Created the shared AWS Transit Gateway resources to be shared among our spoke VPCs and inspection VPC.
Defined your inspection VPC as a Pulumi component resource.

Now, to finish the architecture, you will need to:

Create a spoke VPC as a Pulumi component resource.
Test the network architecture by verifying that centralized egress is working.
Add traffic inspection with AWS Network Firewall.

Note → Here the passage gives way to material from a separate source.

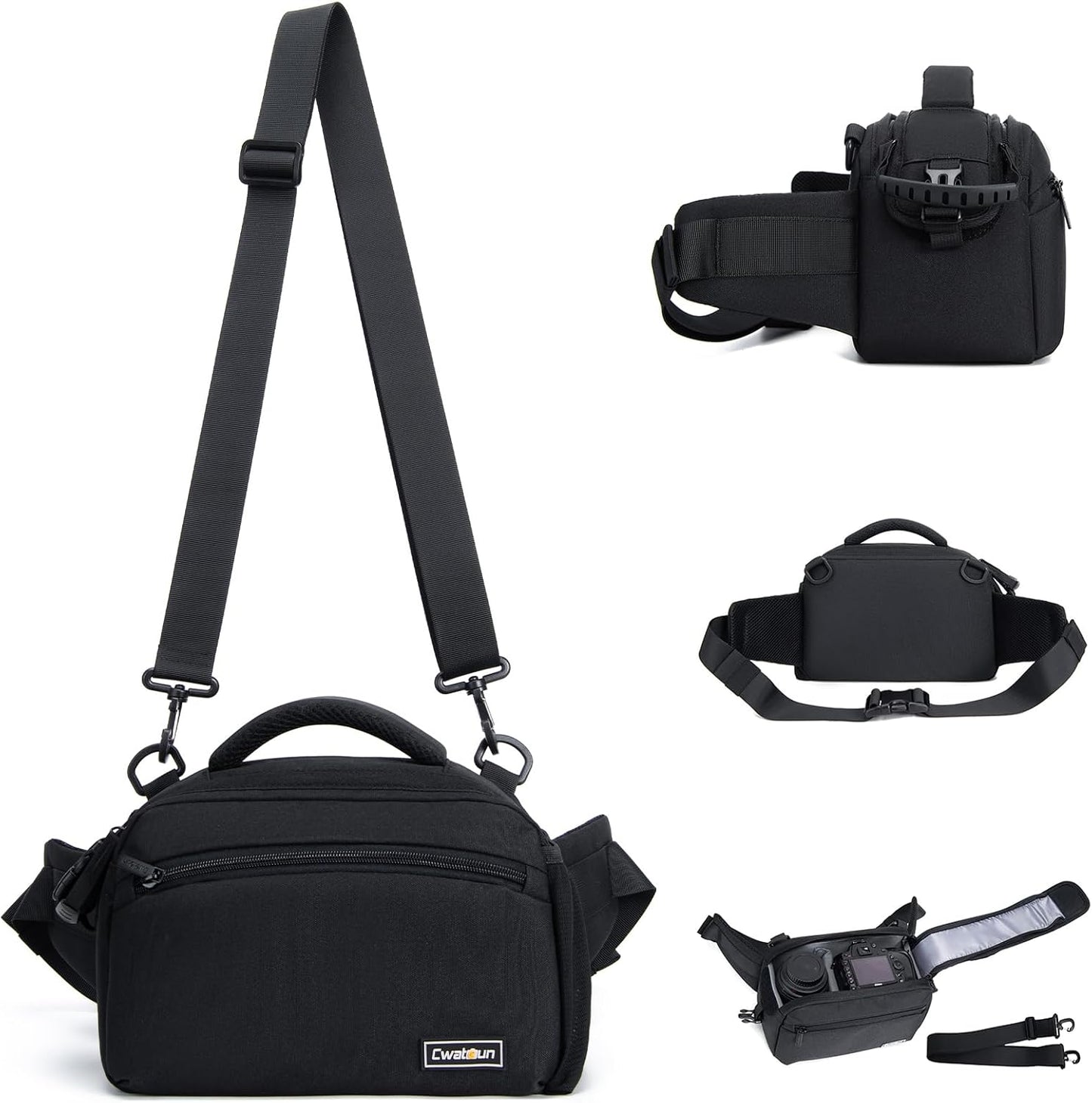 Cwatcun Waist Camera Case DSLR SLR Bag Sling Shoulder Camera Bag Water Resistant Pack for Camera Carrying Case for photographer Hiking Shooting Traveling Men Women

In subsequent sections we will be showing code samples. Because this is a more advanced Pulumi program, we will be focusing on the most important parts of the architecture rather than covering every single line in the codebase. The complete code for this project is available on GitHub, which is a great place to go for full context.

Spoke VPC

Like your inspection VPC, we will implement the spoke VPC as a Pulumi component resource. Component resources allow you to logically group resources to form reusable components. Because your network will contain multiple spoke VPCs (at least 2, possibly more), and the spoke VPC will contain both the basic VPC and connectivity to Transit Gateway, the spoke VPC is a natural fit for a component resource.

First, add a file spoke.py to your Pulumi program. In Python, it’s good practice to put each component resource along with its associated arguments class in a separate file from your main program as it makes for intuitive code organization:

@dataclass
class SpokeVpcArgs:
    vpc_cidr_block: str
    tgw_id: pulumi.Input[str]
    tgw_route_table_id: pulumi.Input[str]


class SpokeVpc(pulumi.ComponentResource):
    def __init__(self, name: str, args: SpokeVpcArgs, opts: pulumi.ResourceOptions = None) -> None:
        super().__init__("awsAdvancedNetworking:index:SpokeVpc", name, None, opts)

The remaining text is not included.